The obvious problem with this is that if any number appears more than two times it will be counted more than once, so for the array { 1; 1; 1; 2; 4; 4; 5; 6; 6 } I'd get the answer 4, because {1} appears three times and therefore is counted twice as a repetition.
I'm sure there is a relatively simple way of doing this, but I have tried a few ways and haven't been able to figure it out yet so any help is greatly appreciated

Mavor

[PhHein]

ok, how would you do it with pencil and paper? Try to break it down into small steps.

[Mavor]

For every element in the array I would check if any previous element in the array has the same value (is value the right word? what I mean is what integer it contains) as the element I am checking
If I found a match I would store the value somewhere and then every time I found another match I would want to check if the value has appeared before as a match. If it has appeared as a match before then I wouldn't raise my count variable, and if it hasn't appeared as a match before then I'd raise my count variable.
Say that I'm working with the n-th element in the array and the value of that element is 23, I would first check if 23 has appeared more than once before (and hence is stored somewhere as an already matched value), if not then I'd check every previous element to see if any element also has the value 23

Hope this is close to what you were asking for. I do realise what's missing in my code, some way of knowing if a number has already appeared at least twice before, to make sure it isn't counted as a repetition twice (or more often)

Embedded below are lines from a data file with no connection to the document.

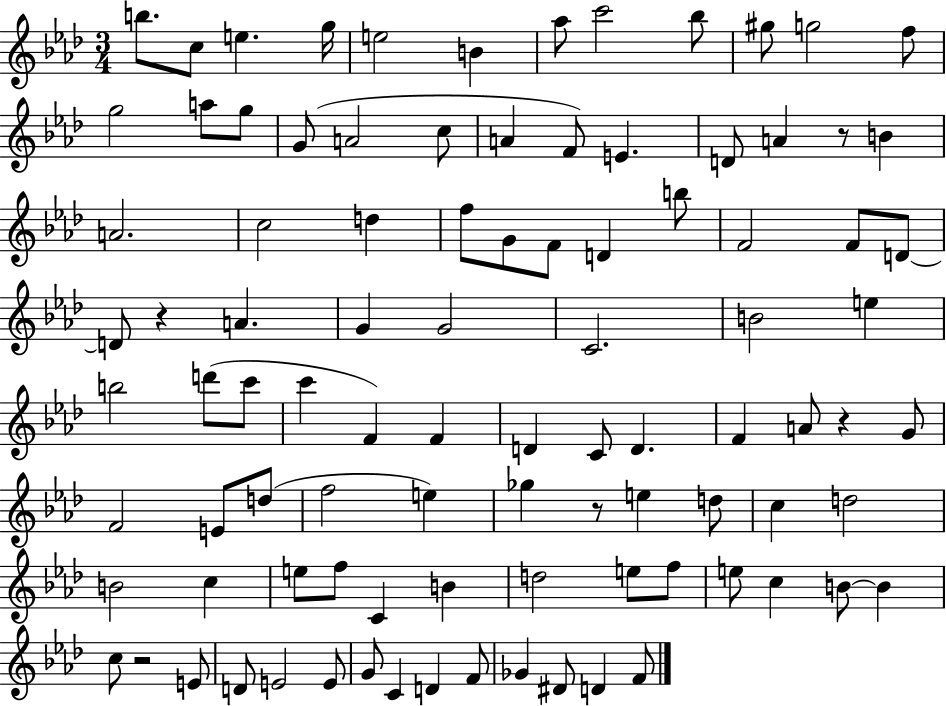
{
  \clef treble
  \numericTimeSignature
  \time 3/4
  \key aes \major
  b''8. c''8 e''4. g''16 | e''2 b'4 | aes''8 c'''2 bes''8 | gis''8 g''2 f''8 | \break g''2 a''8 g''8 | g'8( a'2 c''8 | a'4 f'8) e'4. | d'8 a'4 r8 b'4 | \break a'2. | c''2 d''4 | f''8 g'8 f'8 d'4 b''8 | f'2 f'8 d'8~~ | \break d'8 r4 a'4. | g'4 g'2 | c'2. | b'2 e''4 | \break b''2 d'''8( c'''8 | c'''4 f'4) f'4 | d'4 c'8 d'4. | f'4 a'8 r4 g'8 | \break f'2 e'8 d''8( | f''2 e''4) | ges''4 r8 e''4 d''8 | c''4 d''2 | \break b'2 c''4 | e''8 f''8 c'4 b'4 | d''2 e''8 f''8 | e''8 c''4 b'8~~ b'4 | \break c''8 r2 e'8 | d'8 e'2 e'8 | g'8 c'4 d'4 f'8 | ges'4 dis'8 d'4 f'8 | \break \bar "|."
}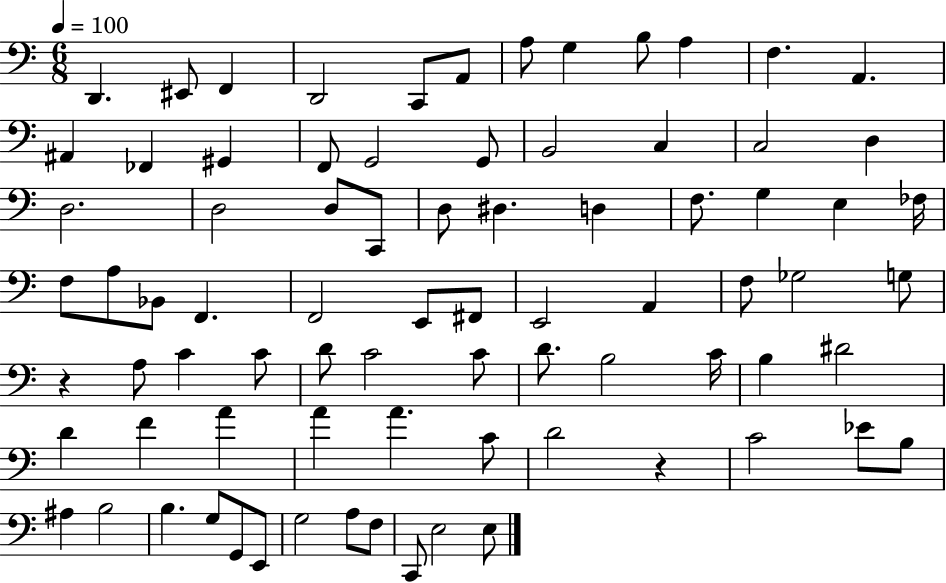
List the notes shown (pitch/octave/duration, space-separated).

D2/q. EIS2/e F2/q D2/h C2/e A2/e A3/e G3/q B3/e A3/q F3/q. A2/q. A#2/q FES2/q G#2/q F2/e G2/h G2/e B2/h C3/q C3/h D3/q D3/h. D3/h D3/e C2/e D3/e D#3/q. D3/q F3/e. G3/q E3/q FES3/s F3/e A3/e Bb2/e F2/q. F2/h E2/e F#2/e E2/h A2/q F3/e Gb3/h G3/e R/q A3/e C4/q C4/e D4/e C4/h C4/e D4/e. B3/h C4/s B3/q D#4/h D4/q F4/q A4/q A4/q A4/q. C4/e D4/h R/q C4/h Eb4/e B3/e A#3/q B3/h B3/q. G3/e G2/e E2/e G3/h A3/e F3/e C2/e E3/h E3/e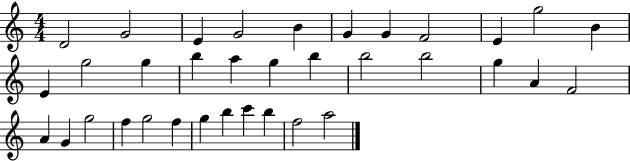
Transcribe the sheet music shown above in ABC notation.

X:1
T:Untitled
M:4/4
L:1/4
K:C
D2 G2 E G2 B G G F2 E g2 B E g2 g b a g b b2 b2 g A F2 A G g2 f g2 f g b c' b f2 a2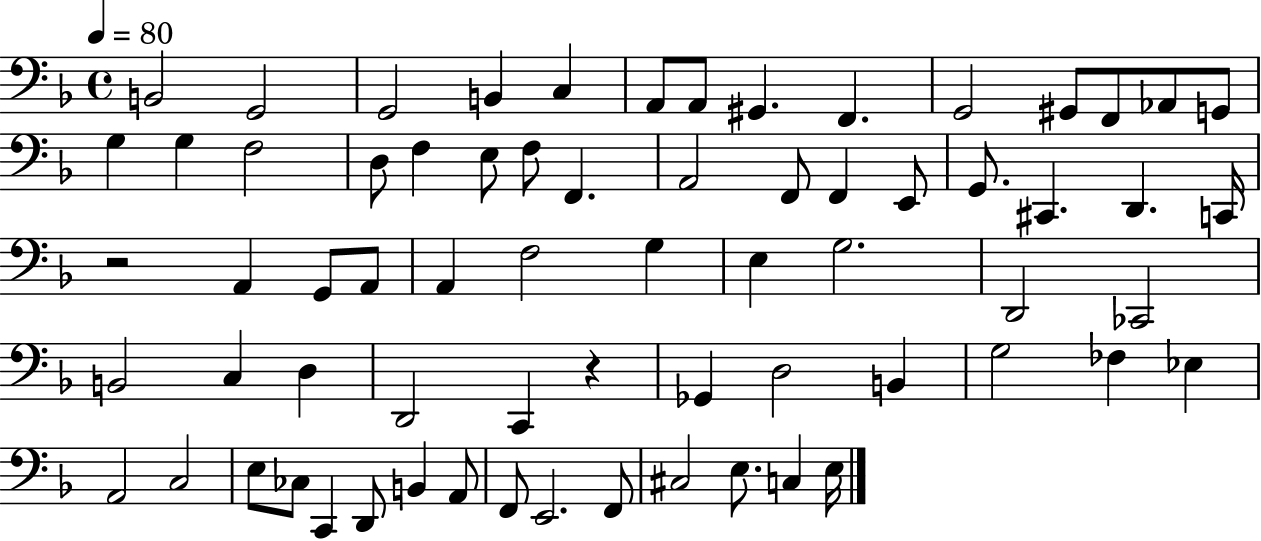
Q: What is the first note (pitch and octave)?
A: B2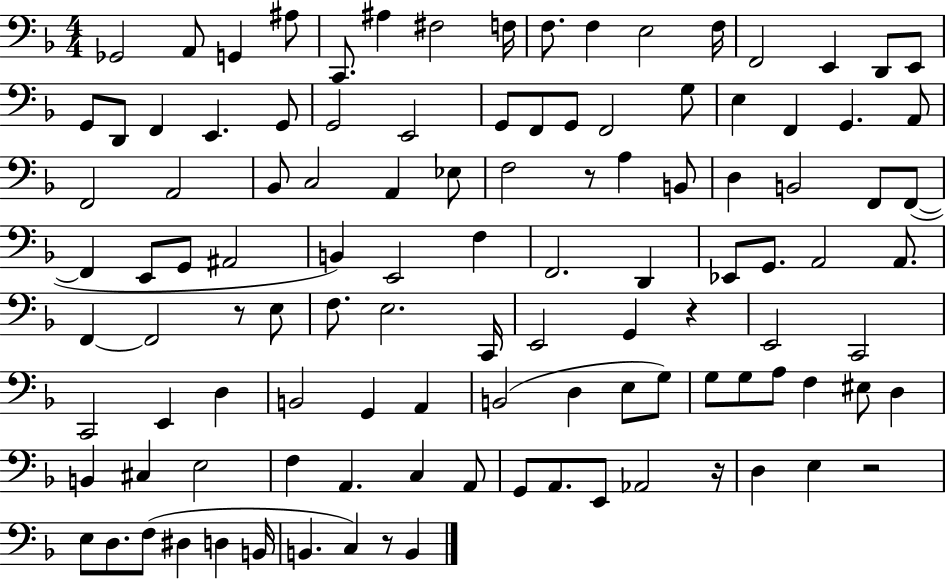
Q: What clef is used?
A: bass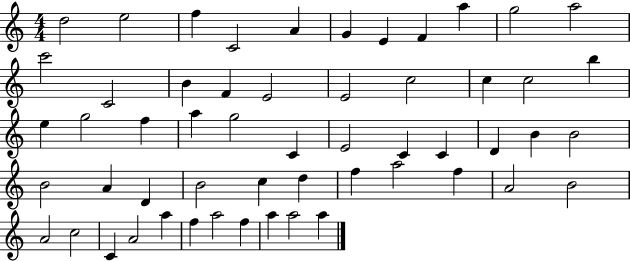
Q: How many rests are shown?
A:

EDIT: The array is sorted, which I wasn't aware of before (or actually I ignored it because I didn't know what it meant, although it should be pretty obvious).
I'm trying to solve this now with my new found info, will update soon

[Mavor]

This is what I have right now. The code works and gives the right answer but it probably could be more practical.
I compare the 1st and 2nd element in the array separately, because in the for loop I compare a[i] with a[i-2] and therefore need to start at the 3rd array to avoid going out of bounds

Java Code:

	public static int checkRepetition(int[] a)
	{
		int repetitionCount = 0;
		
		if(a[1] == a[0]) repetitionCount++;
	
		for(int i=2; i<a.length; i++)
		{
			if(a[i] != a[i-2] && a[i] == a[i-1])
			{							
			         repetitionCount++;					
			}
		}	
		return repetitionCount;		
	}

[PhHein]

Try your solution with an unsorted array or an array having the same digit four or more times.